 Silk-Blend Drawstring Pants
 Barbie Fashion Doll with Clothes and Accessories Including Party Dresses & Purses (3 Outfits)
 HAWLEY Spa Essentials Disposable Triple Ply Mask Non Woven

---

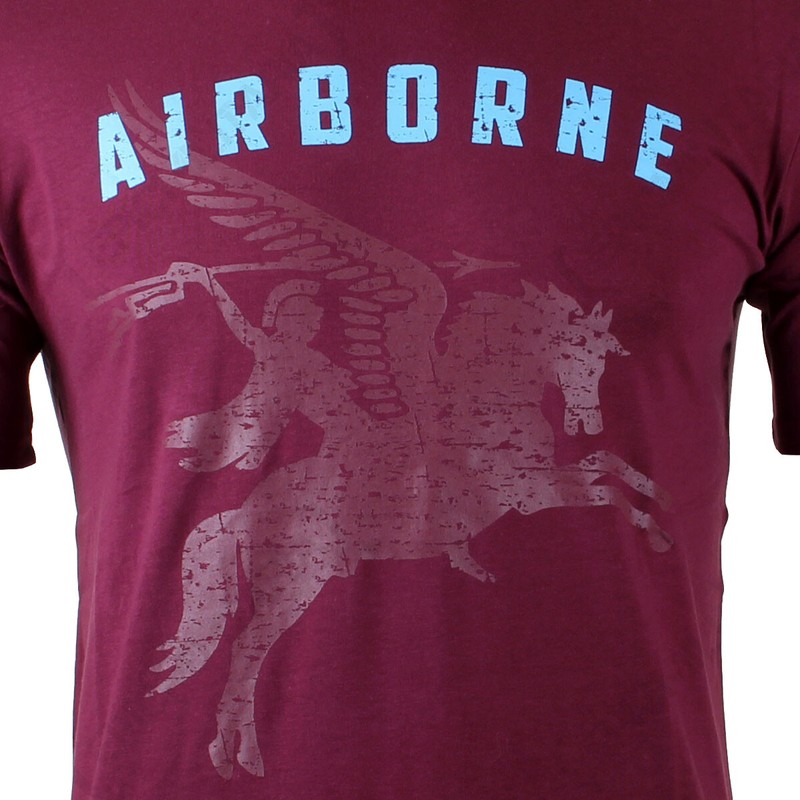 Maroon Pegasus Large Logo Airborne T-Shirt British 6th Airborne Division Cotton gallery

| Work instruction |
For this exercise, repeat exactly the lines of the data above from the one with "Barbie Fashion Doll" down to the one with "HAWLEY Spa Essentials", both end lines included.

| Result of the task |
 Barbie Fashion Doll with Clothes and Accessories Including Party Dresses & Purses (3 Outfits)
 HAWLEY Spa Essentials Disposable Triple Ply Mask Non Woven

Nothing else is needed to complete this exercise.